Check every line below for the word "avec" and give only the number of lines where it appears.

(Short descriptive text snippets)

# # #

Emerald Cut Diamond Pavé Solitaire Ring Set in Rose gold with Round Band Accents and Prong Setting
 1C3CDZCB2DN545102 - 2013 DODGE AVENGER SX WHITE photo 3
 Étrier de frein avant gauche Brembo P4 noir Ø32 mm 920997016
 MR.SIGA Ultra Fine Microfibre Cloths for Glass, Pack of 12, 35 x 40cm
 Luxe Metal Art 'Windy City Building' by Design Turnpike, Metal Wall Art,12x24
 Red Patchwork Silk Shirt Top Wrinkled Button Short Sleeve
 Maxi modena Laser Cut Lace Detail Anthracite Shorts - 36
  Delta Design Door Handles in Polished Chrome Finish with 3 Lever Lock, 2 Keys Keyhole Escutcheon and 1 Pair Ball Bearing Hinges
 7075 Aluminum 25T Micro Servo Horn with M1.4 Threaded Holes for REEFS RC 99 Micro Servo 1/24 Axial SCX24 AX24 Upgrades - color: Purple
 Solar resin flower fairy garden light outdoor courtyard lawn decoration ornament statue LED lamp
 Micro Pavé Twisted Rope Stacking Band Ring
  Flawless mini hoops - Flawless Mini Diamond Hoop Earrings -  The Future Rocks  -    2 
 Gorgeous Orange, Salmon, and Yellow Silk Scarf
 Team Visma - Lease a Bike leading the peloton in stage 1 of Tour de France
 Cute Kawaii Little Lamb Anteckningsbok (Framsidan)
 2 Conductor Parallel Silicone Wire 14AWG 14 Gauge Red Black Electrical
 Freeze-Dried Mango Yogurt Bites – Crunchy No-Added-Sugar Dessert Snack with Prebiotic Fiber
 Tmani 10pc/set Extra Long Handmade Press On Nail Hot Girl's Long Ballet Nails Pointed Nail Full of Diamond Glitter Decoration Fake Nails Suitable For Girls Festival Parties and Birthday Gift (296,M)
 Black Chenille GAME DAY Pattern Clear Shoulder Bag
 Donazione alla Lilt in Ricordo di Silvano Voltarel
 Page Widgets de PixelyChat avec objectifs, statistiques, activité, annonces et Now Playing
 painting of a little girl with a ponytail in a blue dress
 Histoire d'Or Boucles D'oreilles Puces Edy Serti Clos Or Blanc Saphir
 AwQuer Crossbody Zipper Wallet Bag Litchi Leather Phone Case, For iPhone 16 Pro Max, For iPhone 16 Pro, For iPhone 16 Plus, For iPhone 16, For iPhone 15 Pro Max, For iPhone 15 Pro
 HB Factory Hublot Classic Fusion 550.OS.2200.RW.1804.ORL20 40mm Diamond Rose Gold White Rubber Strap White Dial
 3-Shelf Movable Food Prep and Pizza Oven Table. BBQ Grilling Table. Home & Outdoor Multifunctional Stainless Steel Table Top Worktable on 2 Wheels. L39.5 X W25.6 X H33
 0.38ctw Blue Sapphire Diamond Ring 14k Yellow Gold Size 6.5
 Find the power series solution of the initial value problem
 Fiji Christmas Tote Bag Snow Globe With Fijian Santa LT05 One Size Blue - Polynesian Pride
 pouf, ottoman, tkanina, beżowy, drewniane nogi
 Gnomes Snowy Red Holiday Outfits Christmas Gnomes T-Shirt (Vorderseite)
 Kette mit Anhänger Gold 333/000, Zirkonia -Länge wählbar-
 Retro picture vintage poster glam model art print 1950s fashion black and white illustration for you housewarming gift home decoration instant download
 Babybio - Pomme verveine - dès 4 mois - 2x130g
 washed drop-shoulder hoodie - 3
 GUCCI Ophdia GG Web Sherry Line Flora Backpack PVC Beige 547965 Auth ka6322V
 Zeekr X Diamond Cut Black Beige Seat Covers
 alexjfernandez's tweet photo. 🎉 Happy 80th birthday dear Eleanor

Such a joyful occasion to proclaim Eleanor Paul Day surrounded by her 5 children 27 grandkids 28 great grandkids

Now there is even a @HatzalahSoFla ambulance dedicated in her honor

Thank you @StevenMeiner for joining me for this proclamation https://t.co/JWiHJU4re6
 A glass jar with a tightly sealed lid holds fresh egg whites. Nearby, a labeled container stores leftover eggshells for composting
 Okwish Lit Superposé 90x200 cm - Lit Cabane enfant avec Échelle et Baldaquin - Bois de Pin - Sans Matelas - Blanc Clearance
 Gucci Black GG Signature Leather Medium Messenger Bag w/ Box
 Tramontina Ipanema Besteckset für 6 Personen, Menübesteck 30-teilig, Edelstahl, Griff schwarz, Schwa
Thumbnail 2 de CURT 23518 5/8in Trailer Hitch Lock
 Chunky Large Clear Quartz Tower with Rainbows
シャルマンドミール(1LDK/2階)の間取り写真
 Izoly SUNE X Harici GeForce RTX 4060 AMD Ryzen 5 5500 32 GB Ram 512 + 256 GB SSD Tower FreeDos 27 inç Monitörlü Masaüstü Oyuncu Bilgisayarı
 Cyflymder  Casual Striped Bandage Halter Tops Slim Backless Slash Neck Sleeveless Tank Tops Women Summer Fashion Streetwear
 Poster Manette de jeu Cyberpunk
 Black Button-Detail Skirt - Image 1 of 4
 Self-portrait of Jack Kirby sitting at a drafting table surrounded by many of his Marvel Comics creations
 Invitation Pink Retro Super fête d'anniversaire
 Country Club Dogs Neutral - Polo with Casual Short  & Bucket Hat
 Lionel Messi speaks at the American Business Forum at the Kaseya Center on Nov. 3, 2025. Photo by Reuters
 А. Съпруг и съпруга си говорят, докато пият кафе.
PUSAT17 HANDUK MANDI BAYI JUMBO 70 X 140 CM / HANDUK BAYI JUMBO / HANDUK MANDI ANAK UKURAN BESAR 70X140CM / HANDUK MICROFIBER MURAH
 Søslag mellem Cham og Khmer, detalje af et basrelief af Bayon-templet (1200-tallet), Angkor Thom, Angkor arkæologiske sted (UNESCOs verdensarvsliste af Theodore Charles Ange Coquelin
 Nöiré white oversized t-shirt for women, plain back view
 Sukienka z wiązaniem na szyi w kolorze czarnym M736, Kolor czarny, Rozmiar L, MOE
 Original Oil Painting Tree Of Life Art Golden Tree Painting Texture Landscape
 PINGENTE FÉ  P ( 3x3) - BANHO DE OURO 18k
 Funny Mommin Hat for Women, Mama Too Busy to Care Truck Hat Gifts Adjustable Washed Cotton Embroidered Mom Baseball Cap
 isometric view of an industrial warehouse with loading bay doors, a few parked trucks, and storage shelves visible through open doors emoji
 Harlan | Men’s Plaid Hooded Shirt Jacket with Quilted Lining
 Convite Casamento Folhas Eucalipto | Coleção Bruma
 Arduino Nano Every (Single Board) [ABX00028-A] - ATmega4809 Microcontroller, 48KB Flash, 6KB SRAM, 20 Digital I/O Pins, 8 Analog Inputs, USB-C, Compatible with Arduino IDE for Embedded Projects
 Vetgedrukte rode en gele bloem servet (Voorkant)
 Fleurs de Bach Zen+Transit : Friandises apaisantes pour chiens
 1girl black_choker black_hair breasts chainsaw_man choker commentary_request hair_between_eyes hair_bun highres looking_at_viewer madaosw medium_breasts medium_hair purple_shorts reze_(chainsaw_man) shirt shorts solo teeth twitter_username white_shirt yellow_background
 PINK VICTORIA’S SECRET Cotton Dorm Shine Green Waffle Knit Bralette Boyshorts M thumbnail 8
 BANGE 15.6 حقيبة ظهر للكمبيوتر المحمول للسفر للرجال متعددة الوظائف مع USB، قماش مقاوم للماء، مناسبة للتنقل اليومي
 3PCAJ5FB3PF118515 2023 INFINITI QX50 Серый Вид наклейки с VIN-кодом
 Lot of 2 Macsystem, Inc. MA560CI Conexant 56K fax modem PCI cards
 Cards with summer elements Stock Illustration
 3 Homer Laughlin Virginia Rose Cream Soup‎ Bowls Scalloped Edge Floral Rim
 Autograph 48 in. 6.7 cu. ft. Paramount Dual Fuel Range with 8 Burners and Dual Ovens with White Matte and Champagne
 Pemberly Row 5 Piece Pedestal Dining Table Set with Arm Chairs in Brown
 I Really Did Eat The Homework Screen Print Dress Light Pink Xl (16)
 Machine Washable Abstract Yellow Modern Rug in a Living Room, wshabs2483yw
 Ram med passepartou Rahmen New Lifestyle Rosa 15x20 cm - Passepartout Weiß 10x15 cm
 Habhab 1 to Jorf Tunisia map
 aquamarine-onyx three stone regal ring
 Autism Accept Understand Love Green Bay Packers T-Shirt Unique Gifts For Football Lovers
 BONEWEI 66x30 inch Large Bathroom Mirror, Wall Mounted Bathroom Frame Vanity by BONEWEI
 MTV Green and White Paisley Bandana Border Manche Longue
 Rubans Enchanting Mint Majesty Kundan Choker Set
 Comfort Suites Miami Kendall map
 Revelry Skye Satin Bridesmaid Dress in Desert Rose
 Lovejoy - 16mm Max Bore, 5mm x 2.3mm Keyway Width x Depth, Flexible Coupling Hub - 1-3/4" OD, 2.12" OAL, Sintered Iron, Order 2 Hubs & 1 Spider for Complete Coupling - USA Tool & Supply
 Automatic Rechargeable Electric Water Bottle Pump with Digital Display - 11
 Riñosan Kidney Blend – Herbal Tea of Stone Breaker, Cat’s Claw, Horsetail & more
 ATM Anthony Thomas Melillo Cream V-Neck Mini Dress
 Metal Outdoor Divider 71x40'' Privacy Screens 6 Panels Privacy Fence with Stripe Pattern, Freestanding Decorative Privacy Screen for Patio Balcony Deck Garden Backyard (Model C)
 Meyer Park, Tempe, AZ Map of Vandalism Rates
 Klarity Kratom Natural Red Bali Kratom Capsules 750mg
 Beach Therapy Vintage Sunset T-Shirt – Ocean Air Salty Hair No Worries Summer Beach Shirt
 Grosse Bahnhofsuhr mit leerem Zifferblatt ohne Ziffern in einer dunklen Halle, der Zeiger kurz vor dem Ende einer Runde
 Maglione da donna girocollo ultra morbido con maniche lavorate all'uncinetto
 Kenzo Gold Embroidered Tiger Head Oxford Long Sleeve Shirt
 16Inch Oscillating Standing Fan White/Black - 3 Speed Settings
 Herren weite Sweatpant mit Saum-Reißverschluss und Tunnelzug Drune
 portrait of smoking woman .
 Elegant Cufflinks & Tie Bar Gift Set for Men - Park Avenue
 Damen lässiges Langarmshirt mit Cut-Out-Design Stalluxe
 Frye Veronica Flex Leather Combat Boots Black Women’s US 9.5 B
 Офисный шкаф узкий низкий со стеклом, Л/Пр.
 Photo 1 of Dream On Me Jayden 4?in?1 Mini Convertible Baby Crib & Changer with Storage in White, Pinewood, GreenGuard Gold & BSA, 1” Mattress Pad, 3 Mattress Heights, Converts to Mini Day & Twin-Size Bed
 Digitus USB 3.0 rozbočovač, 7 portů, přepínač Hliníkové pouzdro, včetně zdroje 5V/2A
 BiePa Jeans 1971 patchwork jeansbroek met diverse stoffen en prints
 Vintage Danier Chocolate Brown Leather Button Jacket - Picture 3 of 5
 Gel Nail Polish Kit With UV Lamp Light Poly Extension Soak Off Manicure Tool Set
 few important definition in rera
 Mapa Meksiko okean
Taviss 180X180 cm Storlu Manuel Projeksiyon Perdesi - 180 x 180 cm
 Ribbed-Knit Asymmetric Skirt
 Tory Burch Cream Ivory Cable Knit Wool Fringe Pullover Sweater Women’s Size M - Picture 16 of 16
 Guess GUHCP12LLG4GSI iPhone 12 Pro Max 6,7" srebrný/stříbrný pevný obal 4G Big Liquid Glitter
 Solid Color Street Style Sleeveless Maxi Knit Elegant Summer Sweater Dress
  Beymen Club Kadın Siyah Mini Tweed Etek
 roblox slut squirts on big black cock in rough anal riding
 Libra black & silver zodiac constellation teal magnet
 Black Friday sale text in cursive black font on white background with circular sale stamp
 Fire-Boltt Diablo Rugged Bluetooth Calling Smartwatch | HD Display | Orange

# # #

> _Result for this exercise_
2